Good evening bitches, I’m back for another round. First off, a warm thanks to all who are viewing and reading my thoughts. I hope that I am enlightening and/or entertaining you.
Now, on to tonight’s topic: body image. Or, I should say: my body image. When I say that, I am not talking about the “Girls need to be size 2, thigh gap, fat-shaming” we see portrayed in magazines and fashion articles. What I am talking about is what I see, or feel, or think about myself when I close my eyes at night, or look in the mirror in the morning.

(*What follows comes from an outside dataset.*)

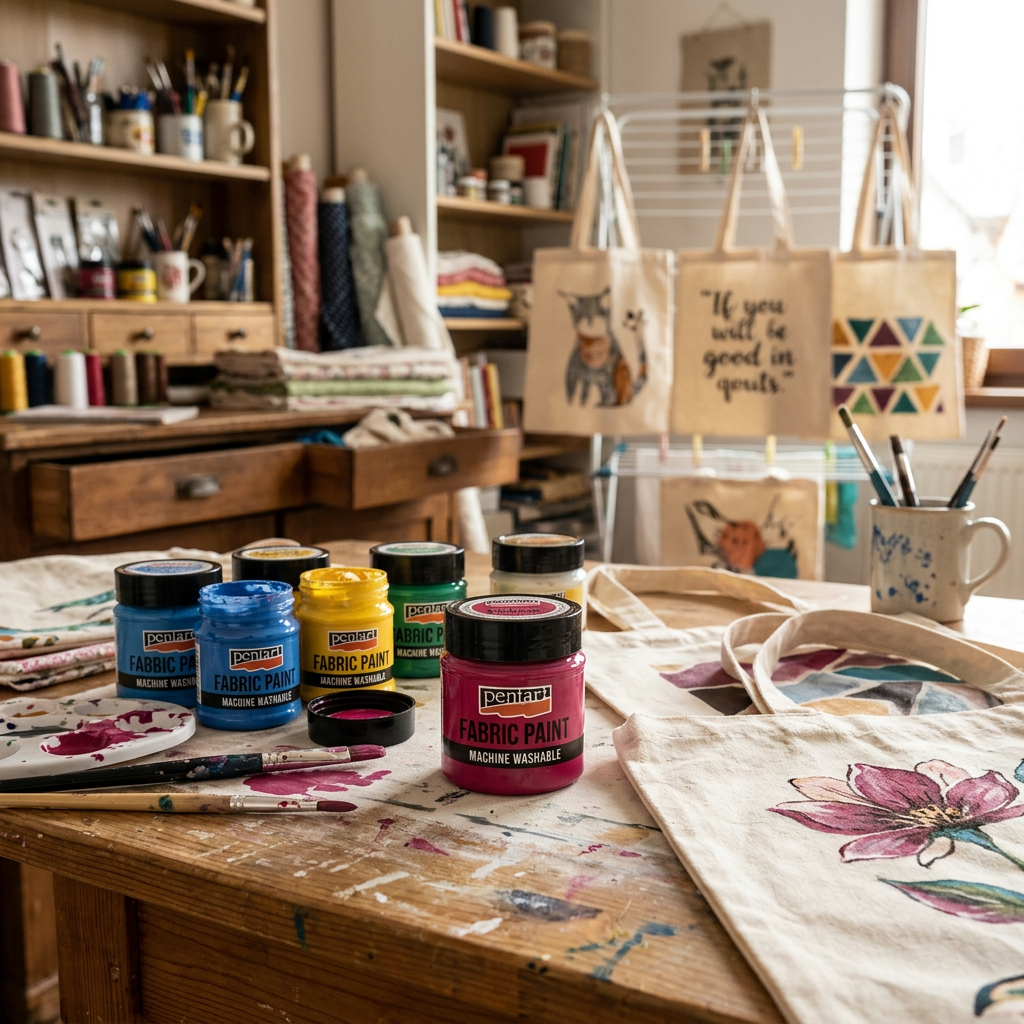 Barva na světlý a tmavý textil PENTART 50 ml KARMÍNOVÁ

What I see is not me. And, it makes me unhappy often times. I do not like the image my body presents to me in the mirror. The images that swirl in my brain behind closed eyes at night, consist of shoulder brunette length hair, a hint of red, curled around soft, feminine cheek bones.I see dark, smoldering eyes peering out from underneath my bangs. I see smooth, high cheek bones, a narrow jaw line, and no jowls. I see the face of an attractive, forty-something woman. At least that’s what my my brain is showing me.
Then I wake up and look in the mirror and that is not what I see. My reflection disappoints with the look of stubbly whiskers, a receding hairline, and droopy jowls. It’s the antithesis of the attractive woman in my mind.

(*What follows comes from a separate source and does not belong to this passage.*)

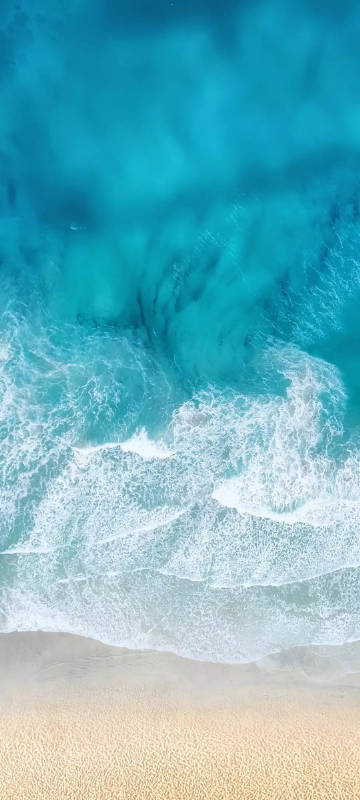Overlooking the seaside wallpaper: beach, turquoise waves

I can fix some things. For instance, I can create the smoldering, sexy eyes. I can give the illusion of the smooth, high cheek bones. But I feel it’s all just a mockery that’s covering up what’s underneath. But still, I do what I can to work towards the image that resides in my mind.
But, with all that, there’s the rest of my body. The other images conjured up by my brain are a thinner, more fit woman. I’m not suggesting that I want to look like a model off the runway in Paris. I’m talking about a healthy, average, body weight woman. And, don’t get me wrong, I don’t think that’s how I should look because “society says I should look like that”. For example, the few outfits I do own are a size 20 or above, XXL or larger. The woman I see myself as would be happy with a size 14 to 16 pencil skirt, or dress. That’s just how my mind envisions what I should look like. That’s what I see in my sleep.
Is that wrong of me to want that? To want to see what my bind is showing me?